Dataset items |
______

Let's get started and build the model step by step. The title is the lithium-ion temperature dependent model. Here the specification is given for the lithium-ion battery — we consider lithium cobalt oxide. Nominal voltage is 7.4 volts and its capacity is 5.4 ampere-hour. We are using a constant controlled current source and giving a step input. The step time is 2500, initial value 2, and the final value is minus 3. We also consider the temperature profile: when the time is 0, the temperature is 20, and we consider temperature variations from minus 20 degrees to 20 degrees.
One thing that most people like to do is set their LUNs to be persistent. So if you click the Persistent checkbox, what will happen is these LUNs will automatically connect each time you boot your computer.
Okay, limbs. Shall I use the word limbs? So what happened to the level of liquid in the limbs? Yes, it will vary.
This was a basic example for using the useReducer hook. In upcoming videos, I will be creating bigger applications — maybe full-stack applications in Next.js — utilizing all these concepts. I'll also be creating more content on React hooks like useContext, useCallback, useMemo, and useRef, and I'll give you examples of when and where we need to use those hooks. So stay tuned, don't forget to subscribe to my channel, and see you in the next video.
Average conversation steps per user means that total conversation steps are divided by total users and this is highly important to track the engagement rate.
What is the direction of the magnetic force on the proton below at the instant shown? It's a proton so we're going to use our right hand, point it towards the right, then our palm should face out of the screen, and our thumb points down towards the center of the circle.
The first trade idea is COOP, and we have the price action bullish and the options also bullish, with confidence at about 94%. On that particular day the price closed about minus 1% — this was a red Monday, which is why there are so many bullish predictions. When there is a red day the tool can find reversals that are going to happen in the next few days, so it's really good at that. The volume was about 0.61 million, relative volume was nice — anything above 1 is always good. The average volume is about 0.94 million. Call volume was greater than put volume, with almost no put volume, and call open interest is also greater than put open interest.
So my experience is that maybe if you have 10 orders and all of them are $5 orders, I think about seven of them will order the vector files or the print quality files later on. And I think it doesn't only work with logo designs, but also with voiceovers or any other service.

______

WORK ORDER | Set down nothing but the lines from the one with "Average conversation steps" through the end of the records, keeping each line exactly as written and including both ends.

TASK RESPONSE |
Average conversation steps per user means that total conversation steps are divided by total users and this is highly important to track the engagement rate.
What is the direction of the magnetic force on the proton below at the instant shown? It's a proton so we're going to use our right hand, point it towards the right, then our palm should face out of the screen, and our thumb points down towards the center of the circle.
The first trade idea is COOP, and we have the price action bullish and the options also bullish, with confidence at about 94%. On that particular day the price closed about minus 1% — this was a red Monday, which is why there are so many bullish predictions. When there is a red day the tool can find reversals that are going to happen in the next few days, so it's really good at that. The volume was about 0.61 million, relative volume was nice — anything above 1 is always good. The average volume is about 0.94 million. Call volume was greater than put volume, with almost no put volume, and call open interest is also greater than put open interest.
So my experience is that maybe if you have 10 orders and all of them are $5 orders, I think about seven of them will order the vector files or the print quality files later on. And I think it doesn't only work with logo designs, but also with voiceovers or any other service.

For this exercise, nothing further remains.